Welcome to the acoustic jam session, an informal, unrehearsed musical happening that brings together musicians – beginners, semi-pros, those who play in bands, those who don’t – who want to learn new songs, meet other musicians and stretch their craft a bit. Most of all, they want to play tunes.
“I’ve heard there are three ways to get better at your instrument – jamming, jamming and jamming,” says Paul Drews, a 52-year-old software engineer for Intel who’s been jamming ever since he took up the banjo about 15 years ago (he’s also played the fiddle about 10 years).
Besides, “it’s super fun playing with other people,” says Drews, who lives in Gaston with his wife, mandolin player Kathleen Tyau. “The magic happens, and it just sweeps you away.”
Drews also organizes a Monday night bluegrass jam session at Papa’s Pizza in Beaverton, one of dozens of regular weekly jam sessions scattered throughout the Portland area.
Regular jammers at Papa’s Pizza include Rick Weitzel, a 54-year-old electrical engineer from Aloha who played jazz professionally before he took up bluegrass guitar. He also plays the mandolin and electric bass. Nowadays, jam sessions are about the only venues where Weitzel plays. “I’m one of those guys who jams 95 percent of the time,” he says.
“You’re free to learn a lot of new songs,” he says of jamming. And when you’re playing music with other people rather than solo, “your ears need to be opened up, so you need to be listening.”
Mason Smith, 59, a Portland resident who owns a small trucking company, first picked up the mandolin about eight years ago and took his first lesson two years later. He explains jamming this way: “You start out in the back and try to pick out the melody with whoever’s there until you get the courage to step in.”
Smith, who says he picks and chooses his jam sessions, hasn’t done much jamming recently except at the River City Bluegrass Festival, the annual three-day music extravaganza in Portland where impromptu jam sessions shared equal billing with the stage performances.
Jamming musicians filled every nook and cranny of the Oregon Convention Center, where the festival was held, and spread to nearby hotels. “The Canadians were having a jam on the fourth floor of the Red Lion,” says bass player Kathy Boyd, whose band, Kathy Boyd & Phoenix Rising, led the festival’s official jam sessions in the convention center lobby.

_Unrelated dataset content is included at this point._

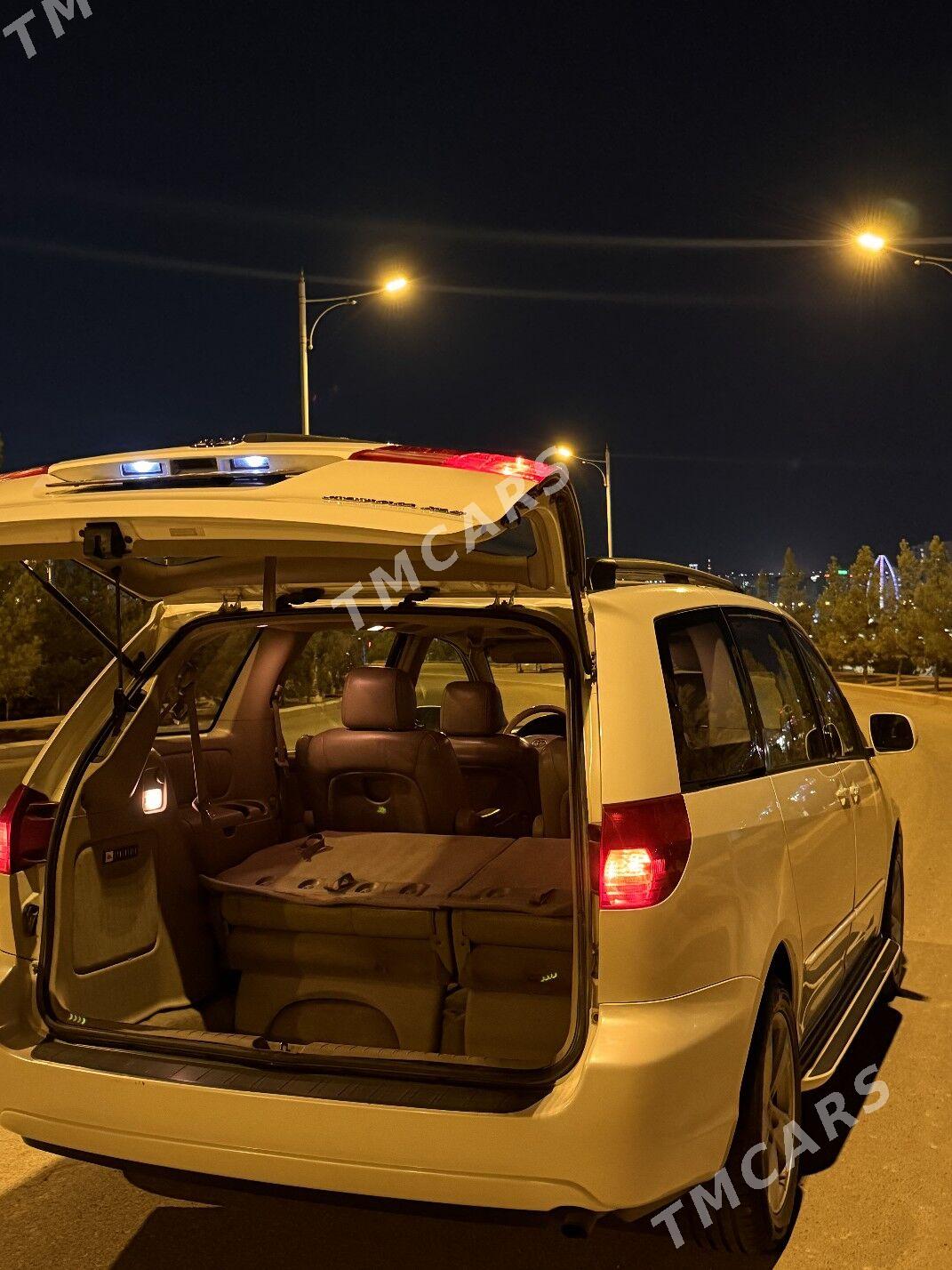 Toyota Sienna 2003 - 260 000 TMT - Хитровка - img 3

Two of the festival’s out-of-town headliners, Del McCoury and Rhonda Vincent, “were probably jamming at the airport,” Boyd mused. “I’ve been in an airport jam before.”
Boyd, 45, who lives in Tualatin and works as admissions coordinator for Odyssey Hospice, has played in bands for years, but she still loves to jam with other musicians. “There’s a joy and a camaraderie to it. Some of the best friends I’ve ever made I met at jam sessions.”
Another festival attendee – retired advertising writer Bob Flentke, 76, of Vancouver, Wash. – started playing guitar when he was 45. Jamming is a good outlet for musicians who don’t play in a regular band, says Flentke, who had a band himself for a while. It eventually dissolved, the casualty of too many scheduling conflicts among its members.
“We had a nuclear engineer, and he was in and out of town, and there was a computer science professor,” Flentke says.
With jamming, he says, “you show up when you show up.”
So you show up at a jam session and find a bunch of musicians playing “Foggy Mountain Breakdown.” How do you join in? Kathy Boyd and Paul Drews offer the following pointers for beginning jammers (Drews also suggests playing at home with a metronome before going to a jam):
• First, size up what kind of group this is. If you’re at a music festival, “stand outside the circle to get a feel for it because it might be a band that’s just warming up for a gig,” Boyd says.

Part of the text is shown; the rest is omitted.